Well, let’s see. Not much since last time. I took a bit of a break because I was out of the country. I was in El Salvador for 1-2 weeks and missed a few weekends when you would have received an update. But I’m back.
I prepare to start the 2nd year of my fellowship in mid-September. At the moment we have orientation for two weeks from the 1st through the 14th. I finished most of my duties involving security work. I’m only doing a few university program reviews to help decide to whom my department should give grants for educational purposes. So I’m ready to start the 2nd year and see what kind of development engineering work I’ll do for a year at USAID.
Out of the 3 people on this e-mail list or who follow this blog, 2 wrote back thinking that I did a lot of activities. I want to clarify. Last update I was just telling you most of what I do (I didn’t talk about everything; check out Practor’s Promise below). What I didn’t explain was that they are not all at the same time. They are spaced out so it seems that I do more than I really do. My life is pretty relaxed, chill, and sometimes boring.
In general, you have to take my words with the understanding of who is saying them. For instance, some people jumped on my recommendation of Rosetta Stone, but I’m usually ok with discipline needed for language learning. If you’re a person that will have difficulty doing the lessons regularly then it’s not good for you.
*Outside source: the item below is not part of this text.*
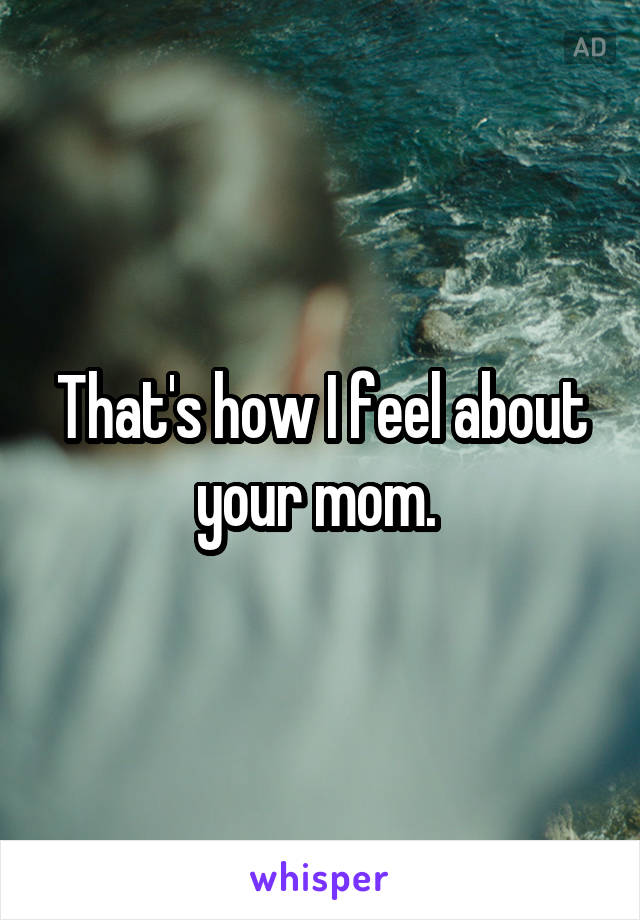 That's how I feel about your mom.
Moreover, what I was really commending was the right-brained dominated immersive approach over the traditional, left-brain dominated, translational approach. It doesn’t have to be Rosetta Stone. In fact, the drawback is that you are not speaking it with other speakers. Rosetta Stone does get better as you get more advanced (you learn like a baby learns and therefore you don’t put sentences together early like you would do in a translational class), but you don’t speak with other live people. So I always recommend doing it with a partner or taking part in a language lunch table to complement the Rosetta Stone Cds. Moreover, I would choose an immersion-based class with other speakers over an immersion-based CD. I would then choose an immersion-based CD (for myself) over a translation-based class (but I would complement the CD with some type of activity with actual speakers). I hope that makes sense. The same goes with recommendations on books or movies. You can always ask me what I mean or what I liked about it to help you with figuring out if it’s good for you.
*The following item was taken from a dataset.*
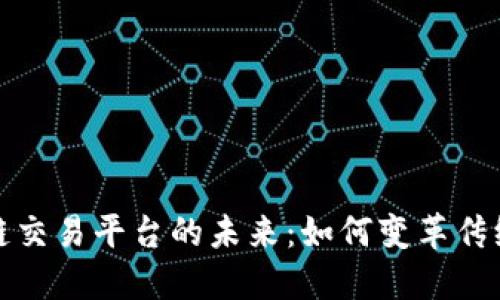 保险区块链交易平台的未来：如何变革传统保险行业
We just had one of our famous parties. This time we did an island/Caribbean/tropical theme. We had underwater creatures on the walls, New Orleans beads hung up, and bamboo bush things hanging from the ceiling. There were tiki torches (unlit) in the corners of the room, and a piñata filled with candy. Everyone who entered received a lei (can you picture the mix of motifs, now?). There was a limbo contest as well during the night. People loved it and had a good time. They especially liked the blended smoothies and licuados as we had many tropical fruit there. It reminds me a lot of El Salvador.